Any prior classifications that may exist that can be reused. And then of course characteristics from like because I'm listing only a few here. Matthew has been putting a service together which has several already, and more are going to go in.

So you can have simple things like amplitude, just the difference between the minimum and maximum or half of it or median buffer range percentage, to remind what the median is and to see how many points are outside a certain range from it. Or just things like standard deviation and Stetson k and so on.

And we are also developing something called a prior outburst statistic, try to take

[inaudible] and try to figure out how many outbursts that particular object had, of what intensity and so on. And that's like it will be very useful in many cases.

So why I show the specificities here is because many of these parameters are missing for most of the transients. So we have lots and lots of columns, even more rows. But many of the entries are completely missing. But that missing information is something that we need to live with. And Bayesian networks or Bayesian methodology in general is very good to deal with that because missing parameters are okay there.

And, in fact, what is said is that you can build your network based from your data. So you can find where the connectivity should be. But this is true in principle, and if you want to actually do it in practice, that seems almost impossible just because of the complexity that is involved there. So I'll be coming to that later.

So we are interested in classifying all types of transients. Matthew showed this earlier.

This is some addition that we have done like not just a supernova type but several subtypes that may be possible on not just one AGN but many AGN subtypes that come in there. So we are interested in all of these we need to be able to find parameters that can tease apart different classes from here.

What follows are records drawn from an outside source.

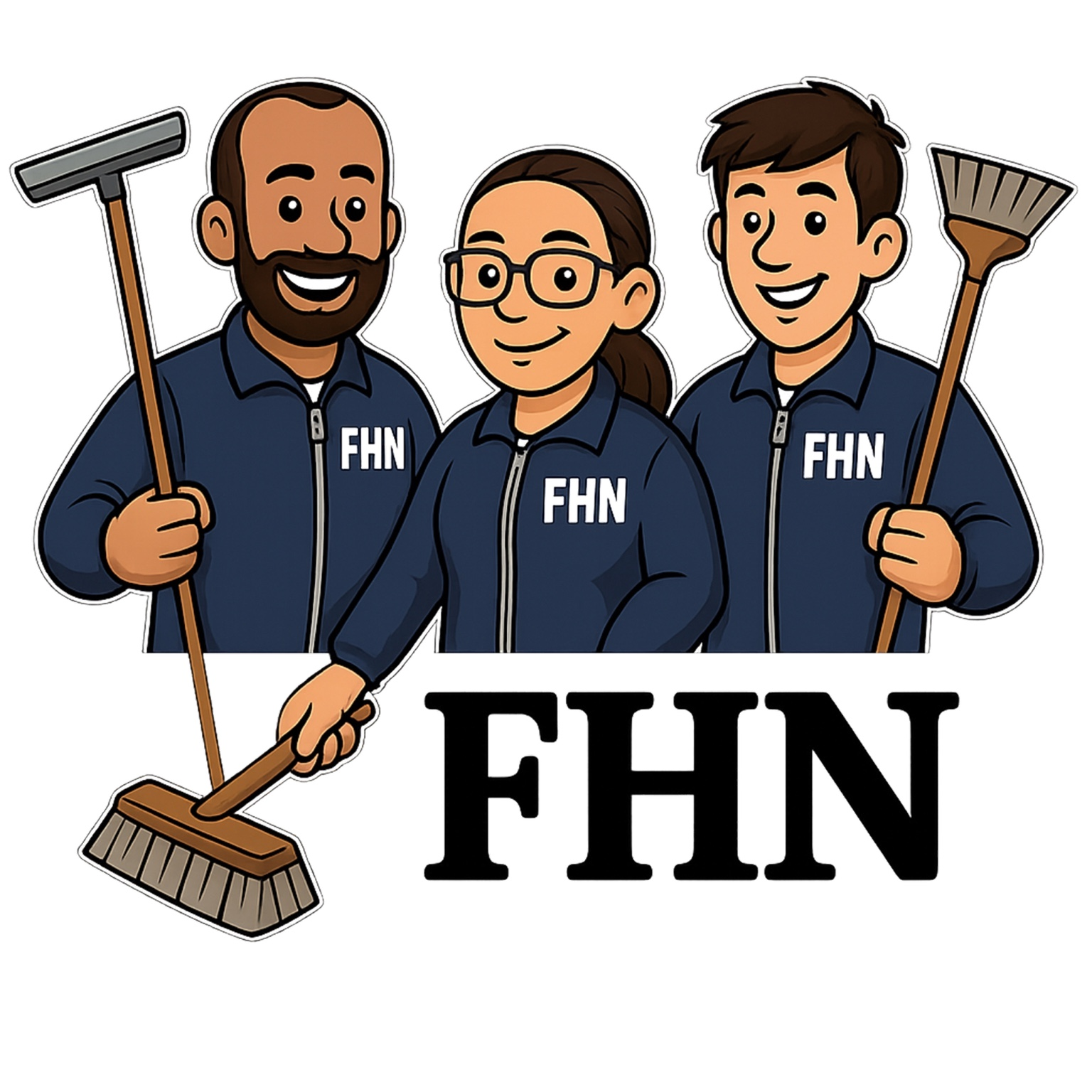 FHN Clean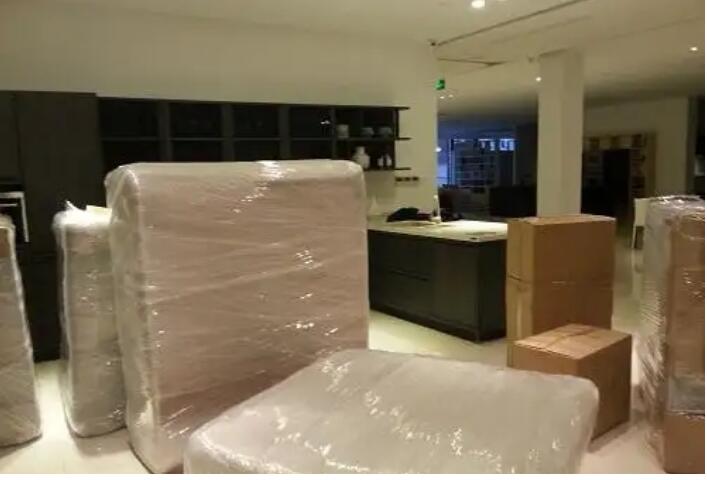 漳州到宏伟区长途搬家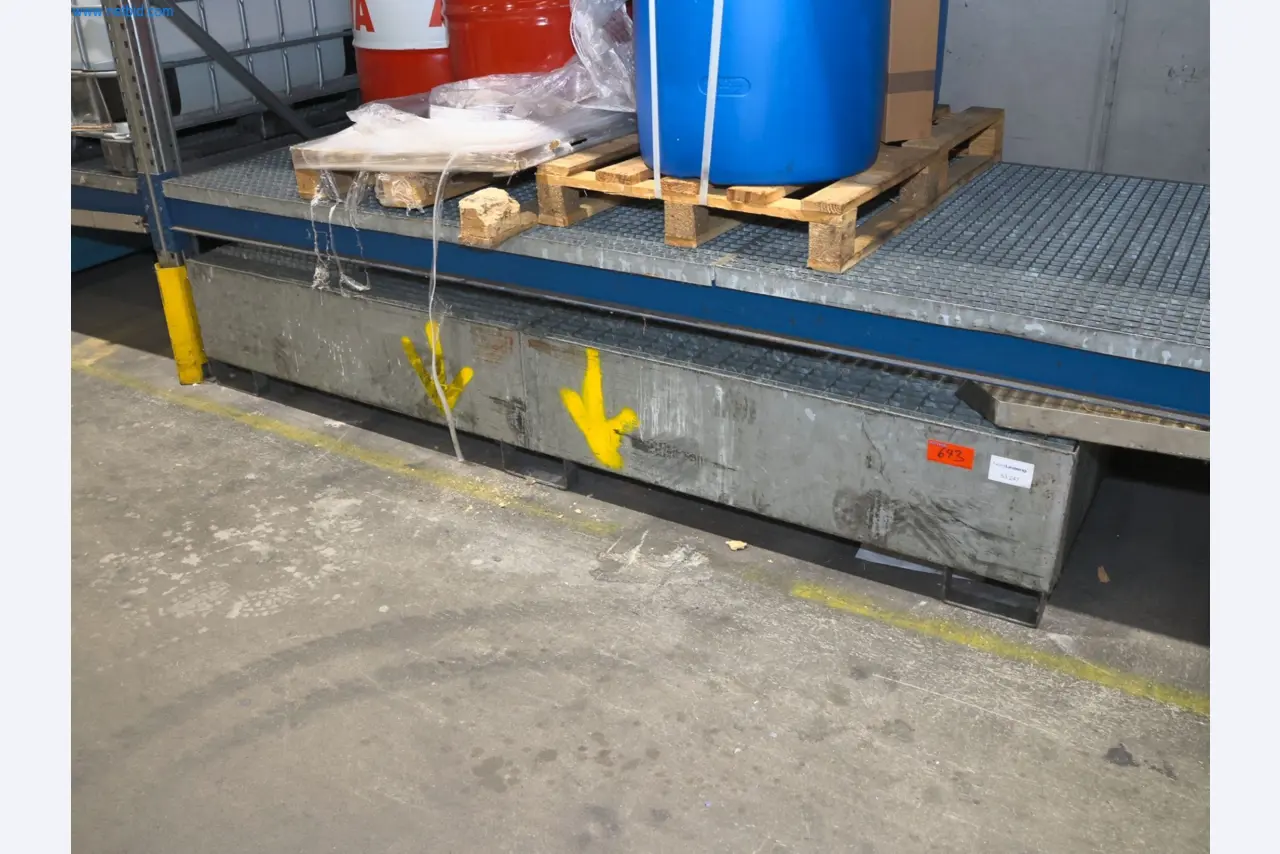 ae group - Anlagen und Maschinen zur Herstellung von Leichtmetall-Druckgusserzeugnissen (Powertrain u. Strukturteile) - AUKTION-1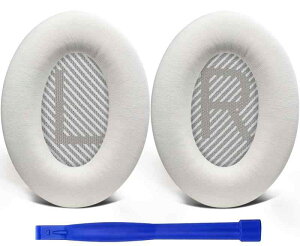 SoloWIT �C���[�p�b�h �C���[�N�b�V���� �����p Bose QuietComfort 35  35ii(QC35  QC35ii)�ɑΉ� �w�b�h�t�H���ɓK�p �w�b�h�z���p�b�h �Չ� �\�t�g���U�[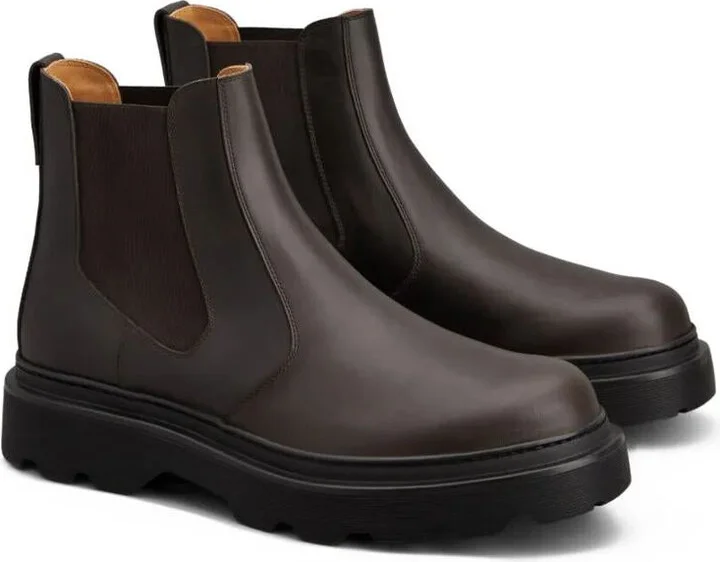Tod'S Ankle Boots Shoes - Image 5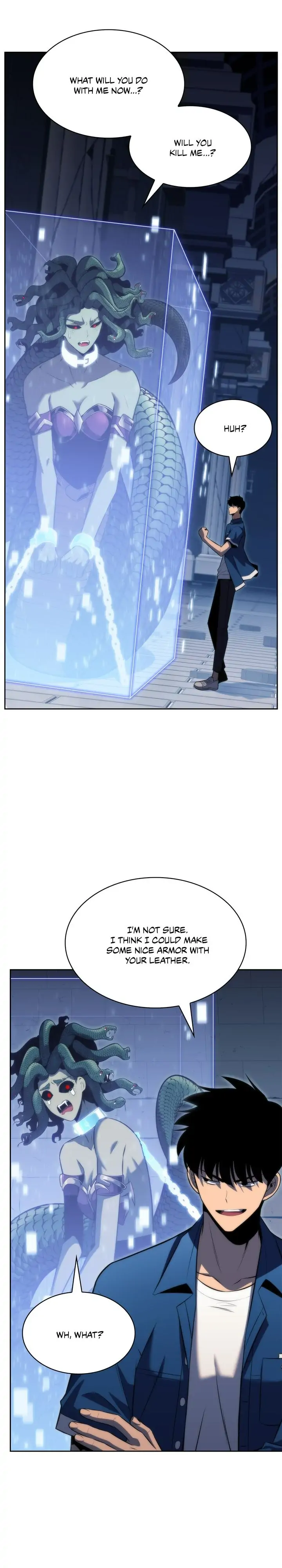 Read I'm the Max Level Newbie Manga Online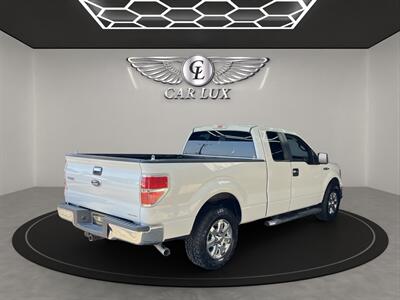 2012 Ford F-150 XLT   - Photo 7 - Lennox, CA 90304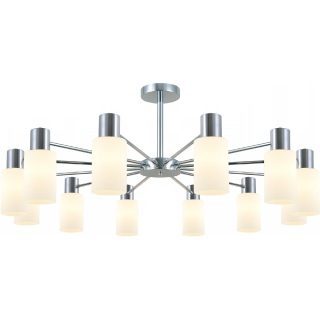 Люстра на штанге Reluce 74535-0.3-12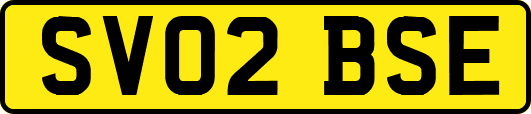 SV02BSE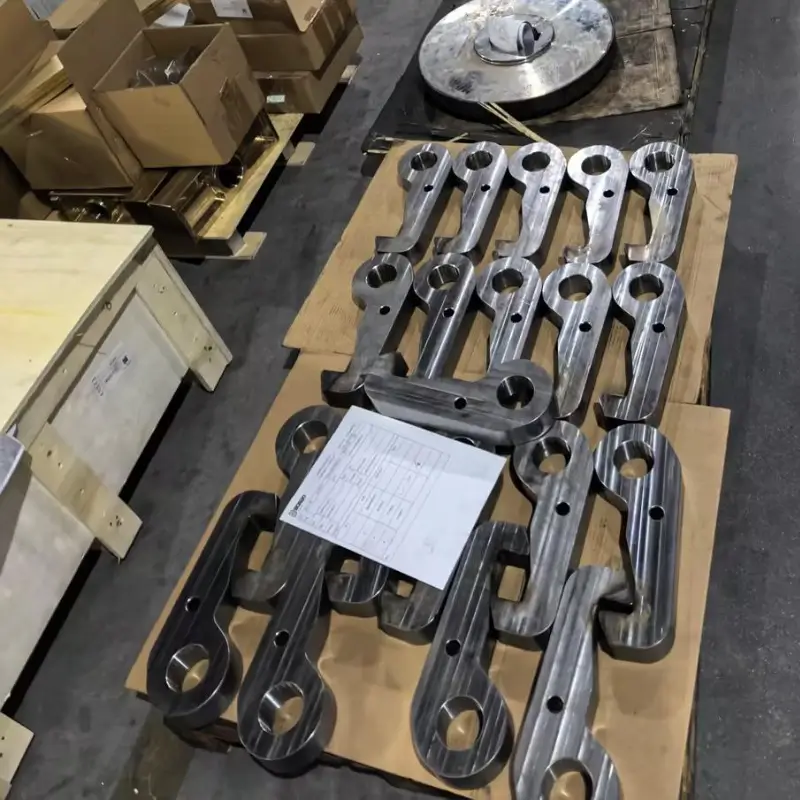 lifting hook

So we have been using some things like the GPR, which are good for certain specific cases. And in this case it's the lightcurves that have been used. I won't be going into details of that. Or the dm/dt method that was also alluded to before by Jeff and

Matthew and Ciro.

What we have is we take a single lightcurve and take all the dm/dts for that and then try to compare that with models that have been built for different classes using many, many lightcurves for that particular class. And then quantitatively again using Bayesian methods what class it's likely to fall in.

So for some broad classes like supernova, supernova, we can easily go to the 98th person. But as we go down the tree, that decreases. And again, what is important then is trying to determine which parameters are going to be useful in trying to discriminate that veteran, whether we can include those in.

This combiner picture Ciro showed earlier where we have different kinds that come in and we should have a combiner which should give a final classification. Again, I'm not

-- there are many, many difficulties with that. And I'll not be going into those details right now. But that is something that's going to be very useful, especially when you consider that some methods are based on lightcurves where many other methods are based on other parameters that you are going to be using.

So each method is going to take only a few parameters do something from it, something intelligent from it, and then we would want to, anyway, try to combine all those bits into a single one. So Curt messaged this earlier about characterization, so it's something that we have been looking into. So if you consider a supernova, and then again a very coarse example in the sense that that's not completely true, and that caveat has been

mentioned here. But still, if you are talking about large delta-mag some small delta-times it's still true.

So a supernova typically goes up and goes down. And so when it's going up, this is how it's increasing, and when it's going down, this is how it's doing. But if you have only three points and this is what you see, then it's very unlikely to be a supernova. So that's something that you can quickly say based on just three points. And that is what I would say characterization is. And one needs to again get into more and more characterizations for different kinds of objects and try to build it together for many things. So in case of supernova, that's sufficient. And not for all other classes, of course.

Most surveys that look for supernova do so using image subtraction and they typically target large galaxies and subtract an archival image from the latest image that is a source there. So cat Lee that doesn't originally do that. That is the main data comes in and the catalogs are used and so on. But we have also been running the supernova hunt where actually galaxies are subtracted and we look for supernovae like that, and many have been found.

What happens here mainly is that the galaxies that are targeted are large, big known ones, brighter ones. But we have been finding many, many supernovae using the catalog domain where the supernova hosts are dwarf galaxies and it's not easy to find those. So even there, going into the catalog domain helps a lot.

So Bayesian networks. We have been using the naive Bayesian network for sometime now where what we make use of are follow-up colors from the Palomar 60-inch telescope and some incidental parameters like the galactic latitude and other parameters like radio, for instance.

So we have been using these small number of input parameters and about six different classes, AGN, supernovae and so on.

So what happens in this class? This is a multinomial mode. What that means is that you have got all the six different classes sitting there. And there are probabilities that are priors that come out of these colors and other parameters that you have. And you can see exactly what probability your outclass is likely to be.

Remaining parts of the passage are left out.